A malicious coordinator could generate a block containing only CSTX or receipts. If that block were approved, only one of the states would be changed, creating the possibility of lost tokens and double payments. However, in Synchro, the global validator must verify that CSTX and receipt approval are completed in a same block. Therefore, an attacker cannot change only one of the states in the CSTX in a same block, and no token loss or double payment can occur due to inconsistency in the blockchain states.

Producer
A malicious producer could create a malformed chunk and send it to the global validator instead of the chunk created by the coordinator. A DoS attack by sending malformed chunks would enable an attacker to interfere with the generation of new blocks by ordinary users. However, since Synchro enables each producer to select and propose chunks to the global validator independently, the global validator can successfully generate blocks if at least one producer belonging to the same shard as the attacker operates in accordance with the protocol. Thus, as long as there is an honest producer in each shard, it will be impossible to interfere with block generation.

Global Validator
A malicious global validator could generate blocks of incorrect chunk combinations. For example, token loss or double payments could occur if an attacker generates a block that does not contain CSTX and receipts simultaneously. However, the Synchro is supposed to determine the authorized chain in accordance with the fork-choice rule. Thus, if most global validators are honest, fraudulent blockchains will be eliminated.

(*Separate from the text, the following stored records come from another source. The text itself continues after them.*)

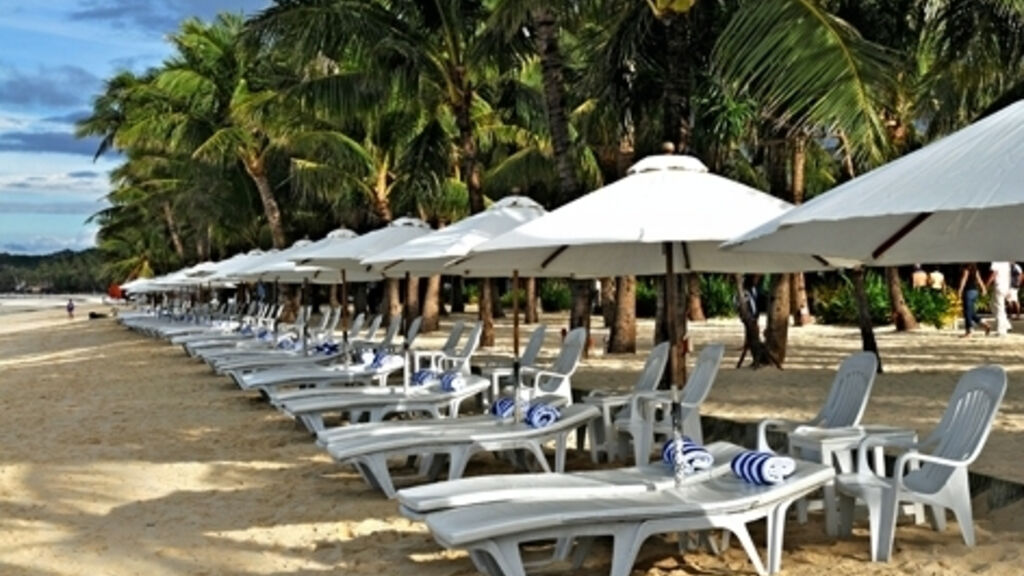 Boracay Regency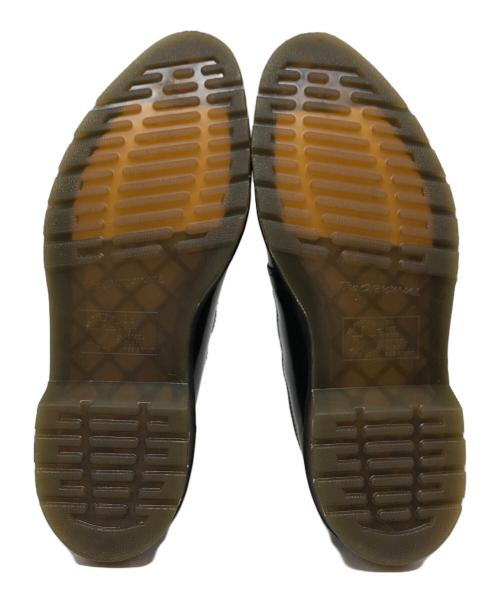 Dr.Martens（ドクターマーチン）Dr.Martens (ドクターマーチン) ELPHIE II ブラウン サイズ:SIZE 8の古着・服飾アイテム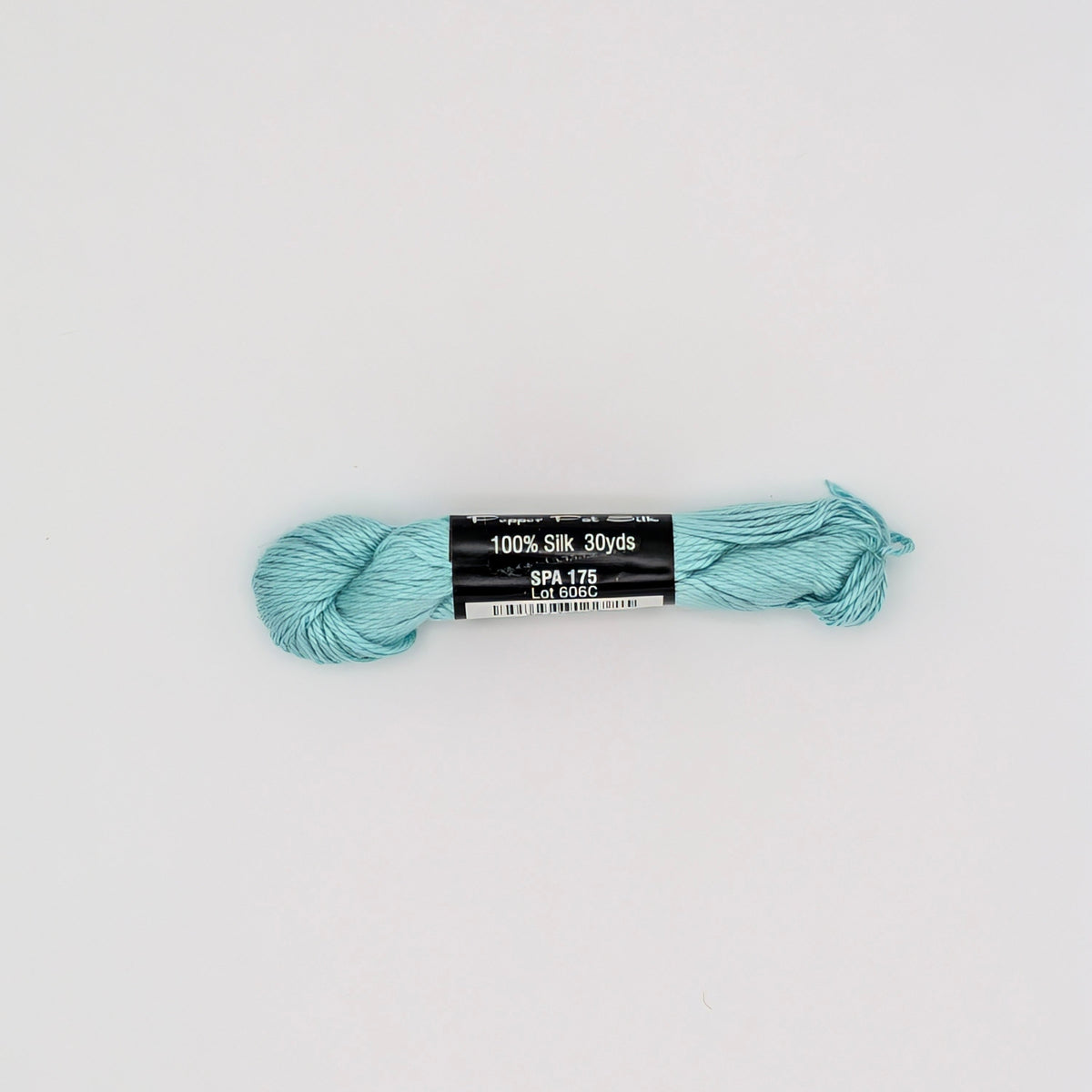 Pepper Pot Silk Spa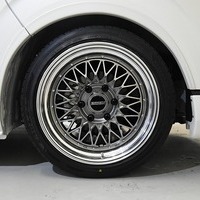 6394 8型ハイエース スーパーGL ダークプライムⅡ  2WD 2,000cc ガソリン車 4ナンバー 2/5人乗りのサムネイル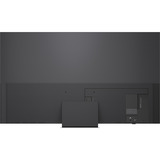 LG Mini RGB evo AI MRGB88 75" 4K Ultra HD TV LED Noir, 3x HDMI, USB, Bluetooth, LAN, WLAN, CI+, HDR10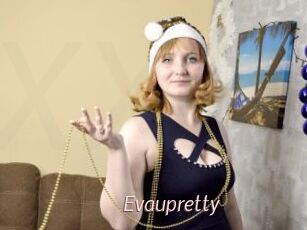 Evaupretty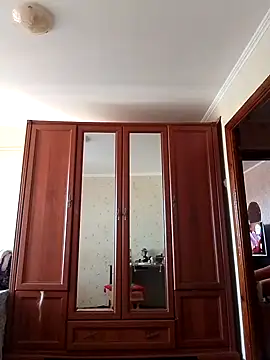 LaraDiva7799 online show from September 27, 7:24 am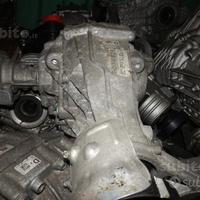 Differenziale post. Alfa Romeo 159/Brera/Spider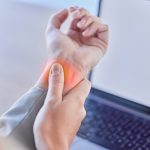 ulnar sinir sıkışması nasıl geçer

The new roles and zero-knowledge proofs in Synchro may reduce transaction throughput compared with Nightshade. Therefore, we theoretically compared Nightshade and Synchro in terms of transaction throughput.

Changes associated with the introduction of coordinators
In Synchro, a new coordinator is introduced, which causes a delay in transaction processing due to the overhead associated with it. However, the processing of the coordinator can be pipelined with the processing of other roles. Therefore, if the coordinator can generate a block within the block time, the overhead associated with the introduction of the coordinator will not affect transaction throughput. Since the coordinator’s processing is only central-processing-unit computation and network communication, it should be possible to complete the processing during the block time.

Changes associated with the introduction of zero-knowledge proofs
Since Synchro introduces a new zero-knowledge proof, there is an associated overhead. However, when the average block time of Nightshade is $t_{block}$, chunk-verification time by the producer is $t_{chunk}$ and zero-knowledge-proof production time is $t_{zk_{p}}$, Formula (1) is satisfied. The overhead does not affect scalability.

$$t_{block}\geq t_{chunk}+t_{zk_{p}}$$

(1)

As of July 7, 2023, $T_{block}$ is about 1s.[20] Prior research has found that the time to create a zero-knowledge proof using the simplest generation circuit is $t_{zk_{p}}=0.41$s[18]. Therefore, if Formula (1) is satisfied, the block time of Synchro will not be reduced compared with Nightshade.

Assuming that 100,000 TPS is achieved with 1000 shards, 100 transactions per chunk would be required (the upper limit in the specification is 1000 transactions per chunk). Assuming that a zero-knowledge proof is generated for each transaction, a simple calculation shows that it would take 0.41s$\times$100 = 41s, a performance degradation compared with Nightshade. Therefore, it is necessary to keep the proof-creation time within 1s by adopting a policy of creating one zero-knowledge proof per chunk, designing the proposition circuit as simple as possible, and adopting the most efficient zero-knowledge-proof protocol.

Changes associated with the introduction of global validators
In Nightshade, only the producer generates the block. However, Synchro adds verification of the block by a global validator, which causes a delay in transaction processing due to the associated overhead. However, the processing of the producer and global validator can be pipelined. If $t_{chunk}$ denotes the chunk-validation time by the producer, $t_{zk_{p}}$ the zero-knowledge-proof production time, $t_{zk_{v}}$ the chunk validation by the global validator, and $s$ the number of shards, then Formula (2) is satisfied The overhead of adding the global validator does not affect transaction throughput.

$$t_{chunk}+t_{zk_{p}}\geq s\times t_{zk_{v}}$$

(2)

In a previous work, the verification time with zero-knowledge proofs using the simplest generation circuit was $t_{zk_{v}}=0.0043$s.[18] For $s=100$, $s\times t_{zk_{v}}=0.43$s. Therefore, given that $t_{zk_{p}}=0.41$s, it is possible to satisfy Formula (2) depending on $t_{chunk}$.